# Cypripedium tibeticum in a Mediterranean/Desert Climate



## quietaustralian (May 12, 2012)

Early this year two of my hybrid Cyps flowered for the first time (alas I didn't get to see them in flower). This minor success gave me the courage to try growing some more difficult plants and when some tibeticum flasks became available, I thought I'd give them a go. 

As you can see from the pics, these healthy seedling are quite advanced so I'll have to keep them growing. Although my hybrids have been acclimatised to the Southern hemisphere seasons, I'm considering growing these tibeticum during Winter/Autumn and storing the plants in the fridge during the summer months thereby eliminating the problems caused by the extreme summers here.

I have adapted ideas and techniques mostly found on this site.
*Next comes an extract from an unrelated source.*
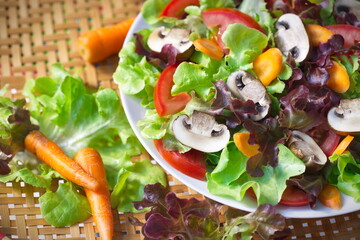 Dish of Lettuce salad mixed with sliced common mushroom (Agaricus bisporus), tomatoes and carrots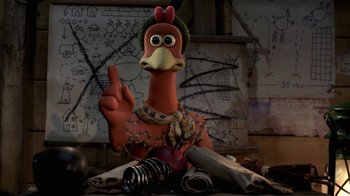Movie still from “Chicken Run” (2000), directed by Peter Lord – A turkey doll sitting on top of a table; Close Up shot, High angle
Thanks to those that have given me the inspiration to try.
I'd appreciate any comments and advice.

Regards and thanks, Mick

Materials:
30cm x 12cm plastic orchid pots
37cm x 17cm clay pots
Plastic base/reservoir 
Sphagnum moss
Wicking tape 
Clay balls and scoria for drainage 
Fine marble chips (not shown in pictures)
Potting mix is: 4 parts perlite, 1 part cocopeat and 1/2 shell grit
Plastic domes. Short term


----------



## Hakone (May 12, 2012)

Cypripedium can not long cultivated in pots, must be planted .You have now the success, but what about after that.


----------



## KyushuCalanthe (May 12, 2012)

Good luck Mick. I have to say you have an uphill battle on your hands - and I say that from experience. In the heat of southern Japan I have managed to keep C. formosanum and C. macranthos seedlings alive such that they SLOWLY have been getting bigger year by year, but man, it has been a long road. I think a couple of the C. formosanum will finally flower next year. The C. macranthos? Maybe never!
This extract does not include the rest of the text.